- [Data shown]:
....

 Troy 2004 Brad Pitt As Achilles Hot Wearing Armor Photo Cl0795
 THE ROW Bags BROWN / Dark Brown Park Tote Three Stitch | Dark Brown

....

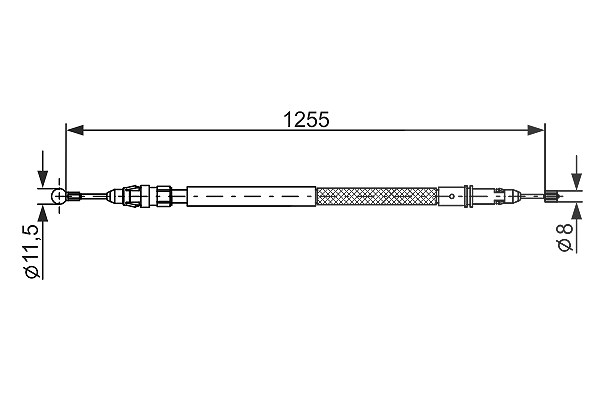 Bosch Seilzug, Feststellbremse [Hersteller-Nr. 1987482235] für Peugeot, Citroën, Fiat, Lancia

....

- [Problem to solve]: Start with the line above that contains "Troy 2004 Brad" and stop after the line that contains "THE ROW Bags". Output those lines exactly, and only those.

- [Task solution]:
 Troy 2004 Brad Pitt As Achilles Hot Wearing Armor Photo Cl0795
 THE ROW Bags BROWN / Dark Brown Park Tote Three Stitch | Dark Brown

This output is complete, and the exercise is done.